§ **EXERCISE DIRECTIONS**
Would you retype exactly the lines below, starting with the one that has "My name is Kevin" and going on through the one that has "I'm going to do", with no pictures and nothing else?

Stored data
******************************

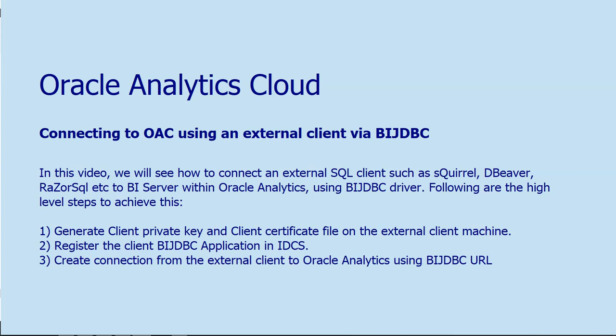We will do this in a three-step approach: generate client private key and client certificate on external client machine, register the BIJTBC application in IDCS, and create connection from external client to Oracle Analytics using BIJTBC.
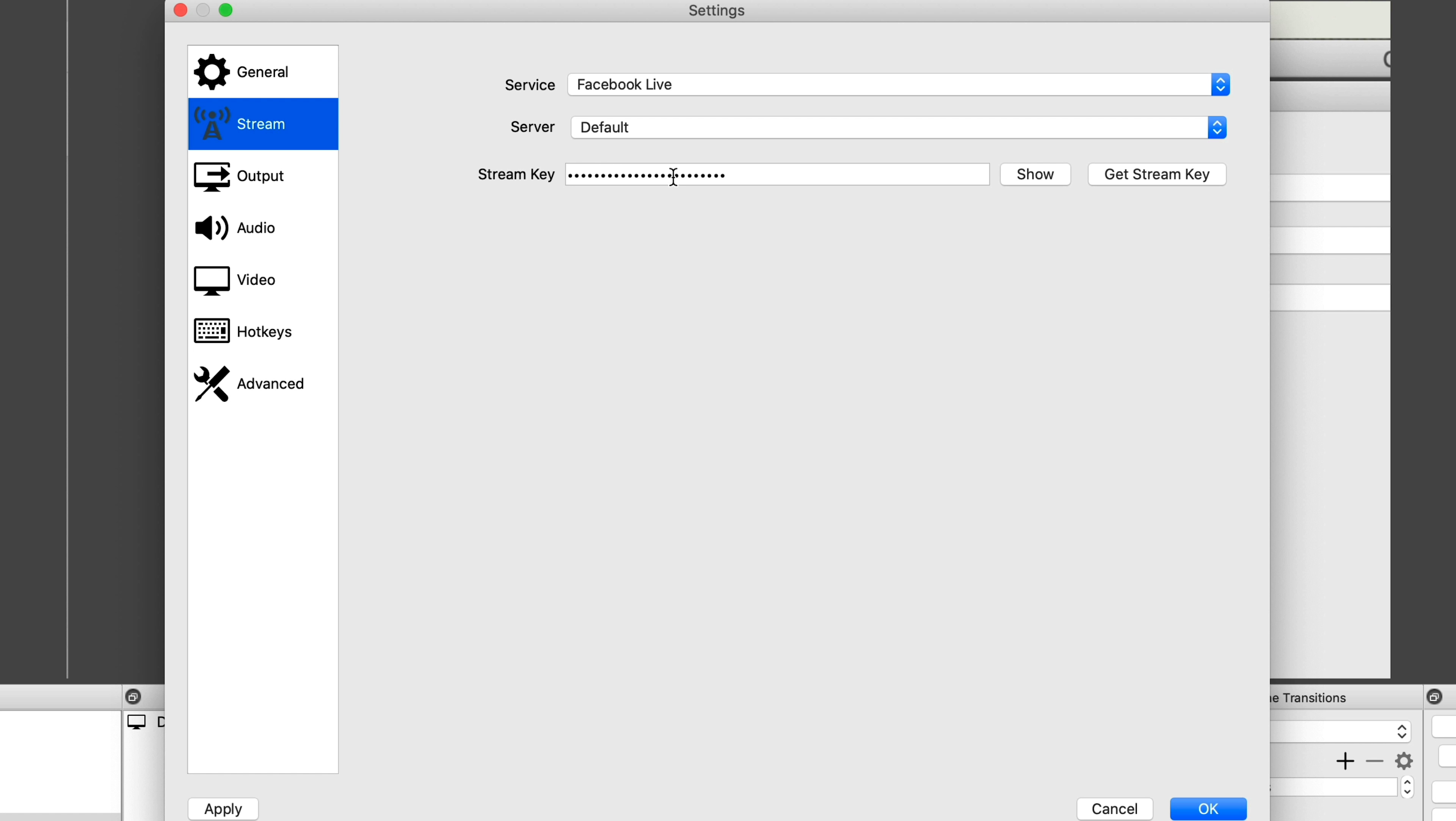And then under video, we want to change this from 1080p to 720p. I'll change this here as well, but it's 720p, 30 frames per second. Now if you are on 25 frames under PAL, that's fine. So 25 or 30 frames per second is more than good enough. Once you've got your settings in, click OK.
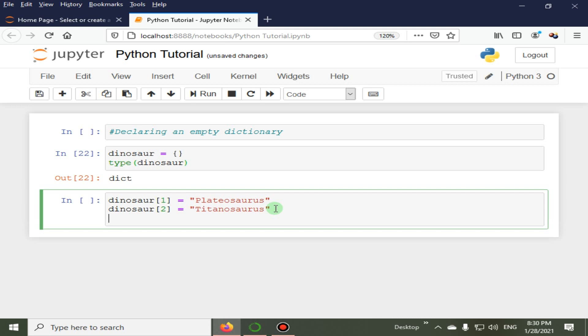And dinosaur three. And this is the last value, that is equal to Sauropod.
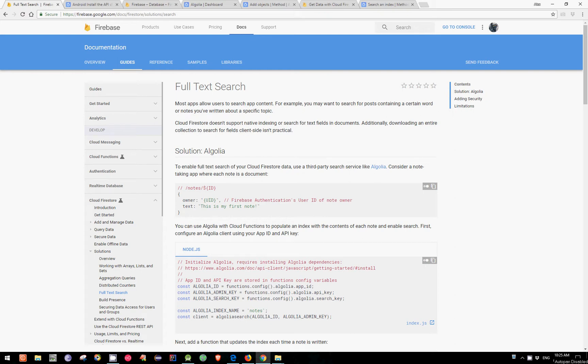Hi everyone, I'm Alex and I will show you in this video how to enable full text search in a Cloud Firestore database using a third-party search service named Algolia and Android. Because Firestore does not support native indexing or search for text fields in documents, we will use this solution, as also suggested in the official documentation. So let's get started.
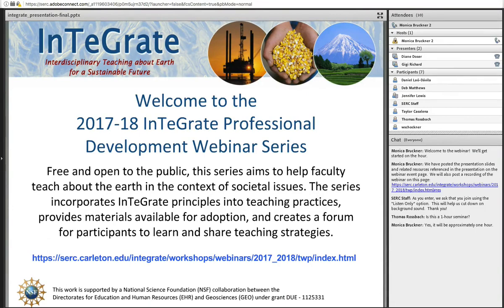This webinar is part of a series supporting teaching with INTEGRATE principles using piloted, peer-reviewed, integrated, developed, and curated materials as tools. On the screen and in the chat box there's a link to the webinar event page where you can find the presentation slides, resources related to the presentation, and after the presentation there will be a recording of the webinar.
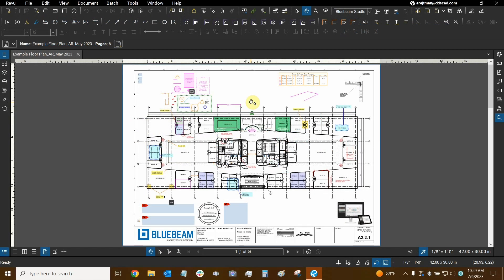Hi everyone and welcome to Bluebeam Review. My name is Ari and I'm a Bluebeam Certified Instructor with Digital Drafting Systems. Today we're going to learn how to lock our markups.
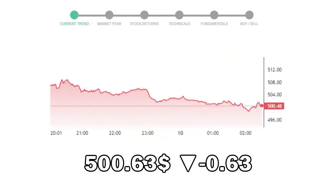Costco closed at $500.63, with a decrease of negative 0.63% in the last trading session.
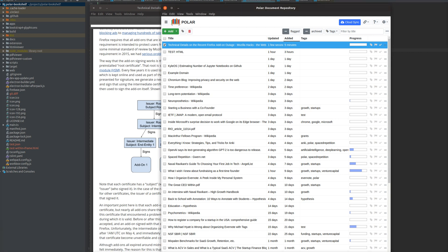My name is Kevin Burton. I'm the creator of Polar, and I wanted to give you a demo of the features going into version 1.19 of Polar, which I'm demoing right now.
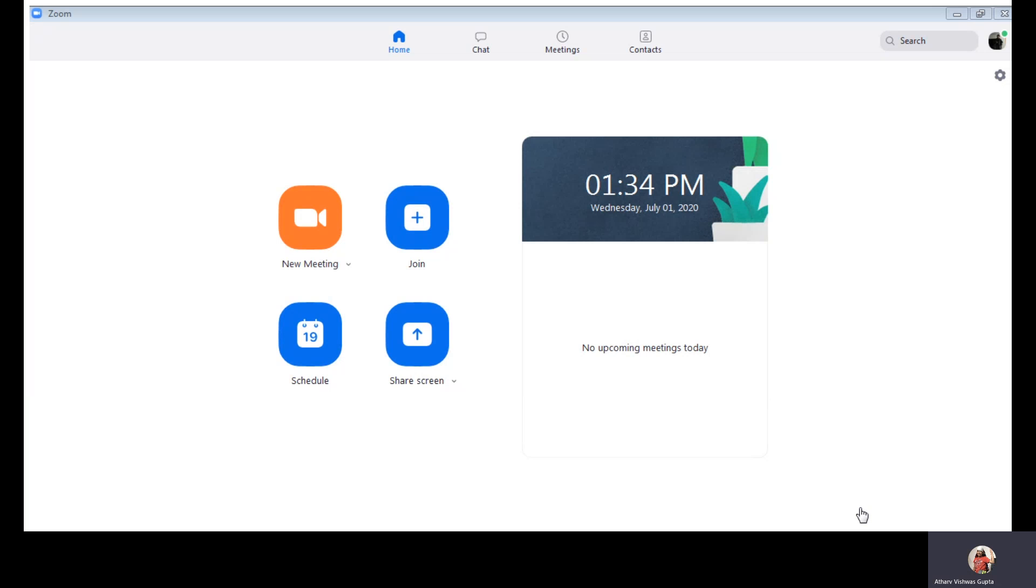So this is the first page of Zoom. New meeting, join, schedule, share screen. So we can share screen. We can schedule a meeting. And the teams we have meet now in Zoom, we have a new meeting.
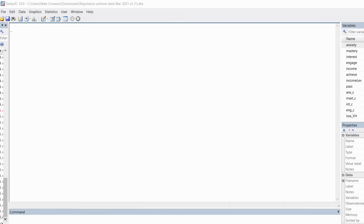Hi everyone. In this video, I'm going to demonstrate how you can easily generate partially and fully standardized regression coefficients when performing binary logistic regression using Stata.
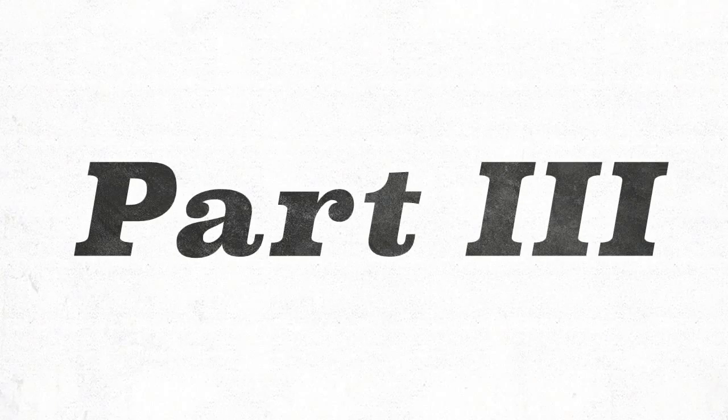This video considers direct infringement of Part 3 works other than by reproduction. Reproduction is considered in a separate video. The exclusive rights of Part 3 copyright owners are also set out in a separate video.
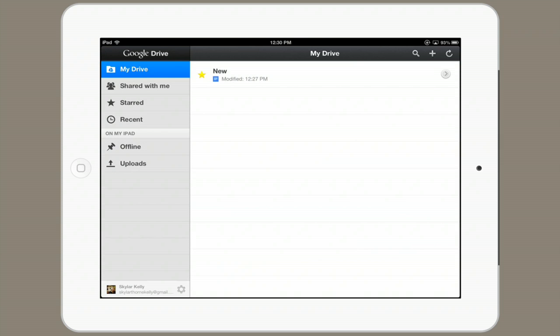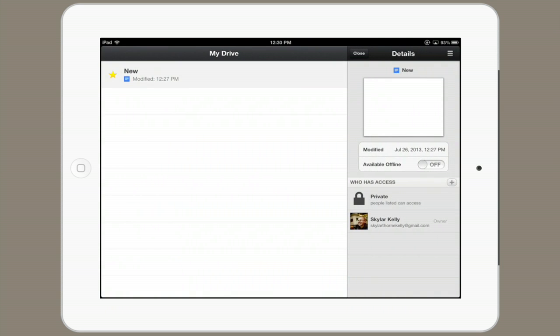I can see that I can favorite it and I can access more information by tapping the tab on the right hand side. It shows when it was last modified and most importantly, it asks if I want it to be available offline.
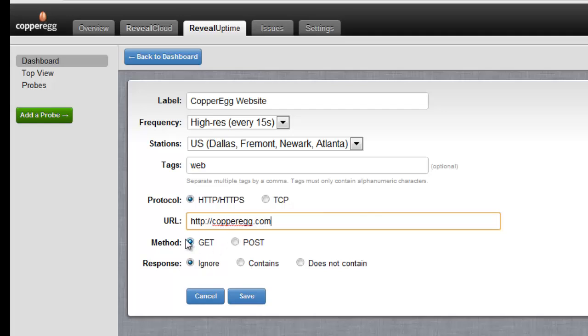I'm going to do a get because it's just a website and I can test if that page contains a string of text.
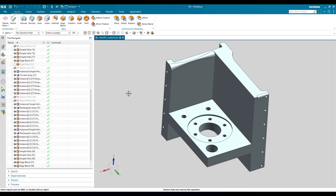This is how we can create different kinds of edge blends in NX. If you have any doubts, please comment in the section below and I will try to answer. Thank you guys.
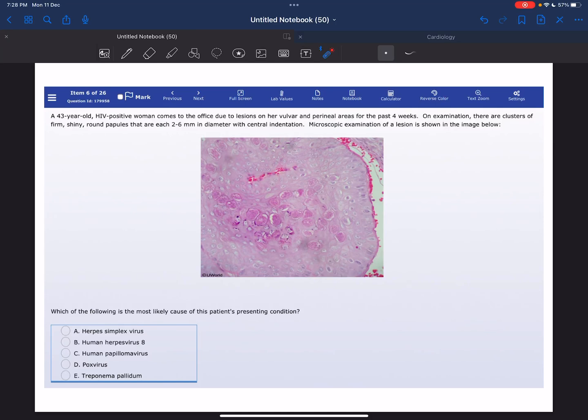Welcome everyone to my YouTube channel. It's Samuddin again, and today I'm going to solve a USMLE Step 1 new word question of the microbiology block.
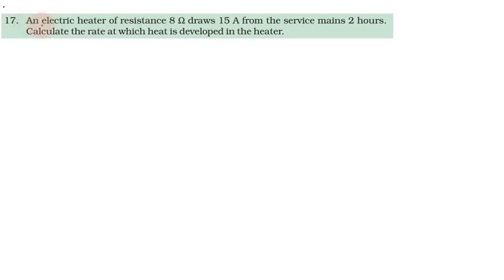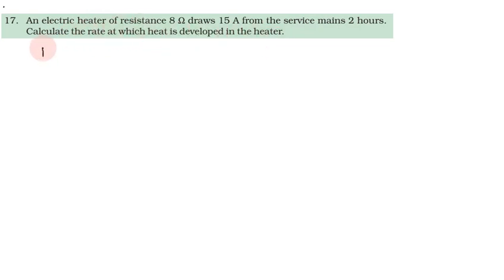17th problem: An electric heater of resistance 8 ohm draws 15 ampere current from the service mains for 2 hours. Calculate the rate at which heat is developed in the heater. Electric heater of resistance 8 ohm, current 15 ampere.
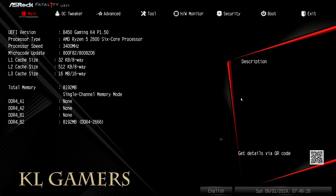You might be watching this video while you have the same motherboard with a Ryzen 3000 series processor and you are getting a black screen or no video output. We have the solution for you. The reason for this problem is that the motherboard has an old BIOS that does not support the latest AMD Ryzen 3000 series processor.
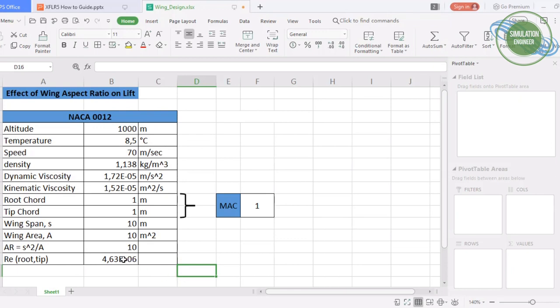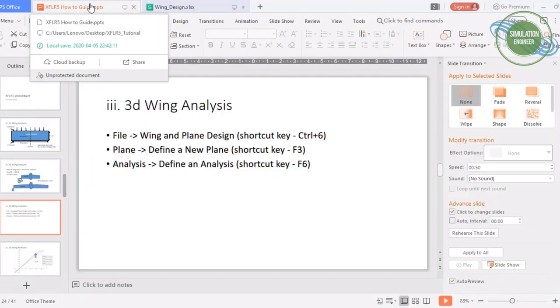We must ensure that a 2D polar analysis is available for the Reynolds number at both the root and tip. This is a very important step, especially for non-rectangular wings such as tapered or swept wings, where different chord lengths correspond to different Reynolds numbers. One must make sure the complete set of Reynolds numbers along the span is covered in the 2D airfoil analysis, so there will be no problem when running the 3D wing analysis.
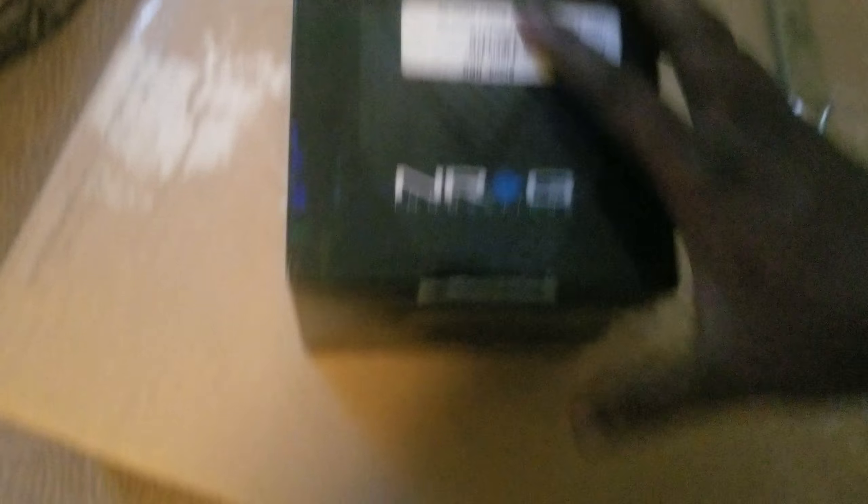Check it out guys, I've got my NRG. So I bought a quick release and a hub and a wheel, and I'm so excited to see it. I'm about to open this.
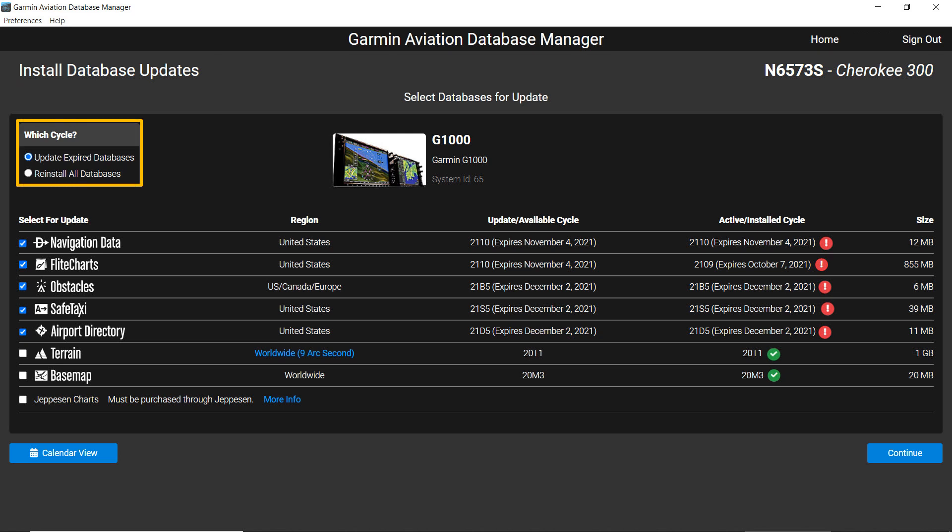There are usually two choices: Update expired databases or reinstall all databases.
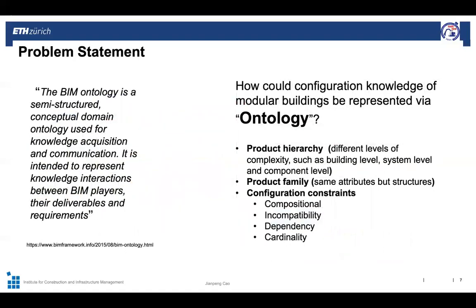As BIM has been widely applied in building description, ontology has been applied to the project life cycle. Ontology is a semi-structured conceptual domain used for knowledge acquisition and communication. It is also proved to be effective to handle unstructured data, such as applying text. For configuration knowledge, ontology enables easy modeling of product hierarchy, product family, and constraints.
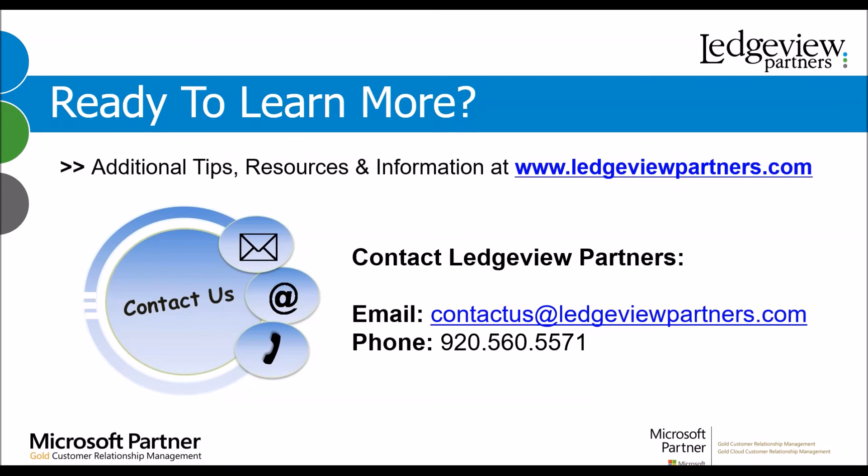Are you ready to learn more? If you're looking for additional tips, resources, and information, visit us at ledgeviewpartners.com. Our contact information is listed on the slide here. We are always happy to help with any questions that you have. Have a great day.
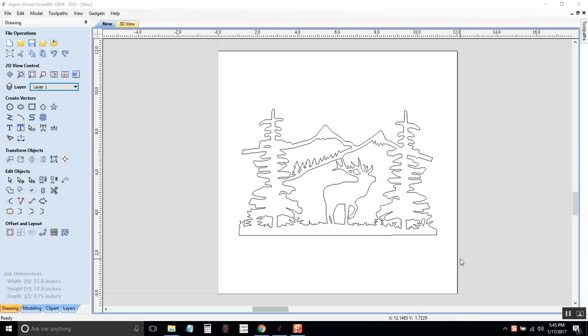In this video I'm going to show you how to create a toolpath for a v-carve from a design we've already created.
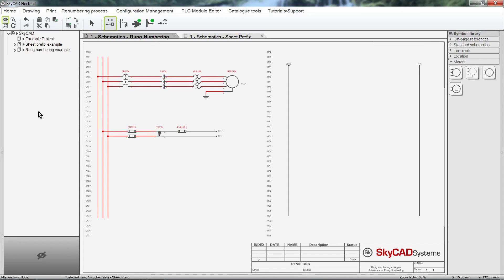In this SkyCAD tutorial, you are going to learn about numbering. In SkyCAD, numbering of projects, sheets and components is all done automatically and once your project is done, all wire numbers are inserted with just a few clicks.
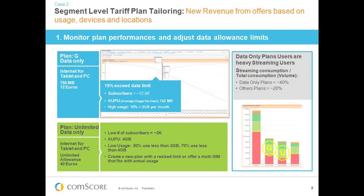The other end of the scale is an unlimited data plan — Plan U — targeted at tablets and PCs at around 40 euros a month. It has a much lower number of subscribers, with a higher average usage of about four gigabytes. However, about half of the subscriber base on this tariff actually use less than two gigabytes, and perhaps 70% use less than that four-gigabyte average. So we can spot a disparity: on the limited plan, subscribers significantly exceed the data allowance; on the unlimited plan, many subscribers use relatively little data and may feel aggrieved paying the high tariff.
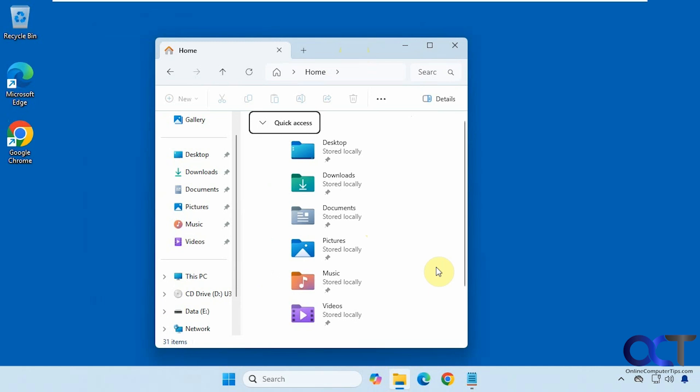Hi, in this video we're going to show you a possible fix you could use if you are missing the location tab on your folders.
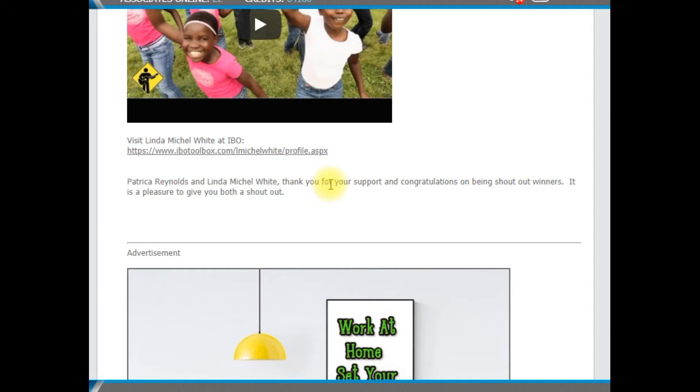Patricia Reynolds and Linda Michelle White, thank you. I appreciate your support and congratulations on being shout-out winners. And it is a sincere pleasure to give you both a shout-out. That's my weekly giveaway and a little bit more, a lot extra, actually.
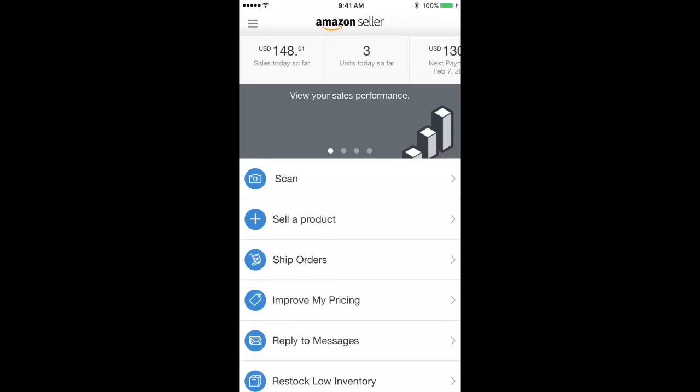What's up guys, Chaz here with the Lifestyle Warrior bringing you another edition of your beginner series and today we are going to cover the basics of your Amazon Seller app.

******************************

§ **SOLUTION FOR THIS EXERCISE**
My name is Kevin Burton. I'm the creator of Polar, and I wanted to give you a demo of the features going into version 1.19 of Polar, which I'm demoing right now.
So this is the first page of Zoom. New meeting, join, schedule, share screen. So we can share screen. We can schedule a meeting. And the teams we have meet now in Zoom, we have a new meeting.
Hi everyone. In this video, I'm going to demonstrate how you can easily generate partially and fully standardized regression coefficients when performing binary logistic regression using Stata.
This video considers direct infringement of Part 3 works other than by reproduction. Reproduction is considered in a separate video. The exclusive rights of Part 3 copyright owners are also set out in a separate video.
I can see that I can favorite it and I can access more information by tapping the tab on the right hand side. It shows when it was last modified and most importantly, it asks if I want it to be available offline.
I'm going to do a get because it's just a website and I can test if that page contains a string of text.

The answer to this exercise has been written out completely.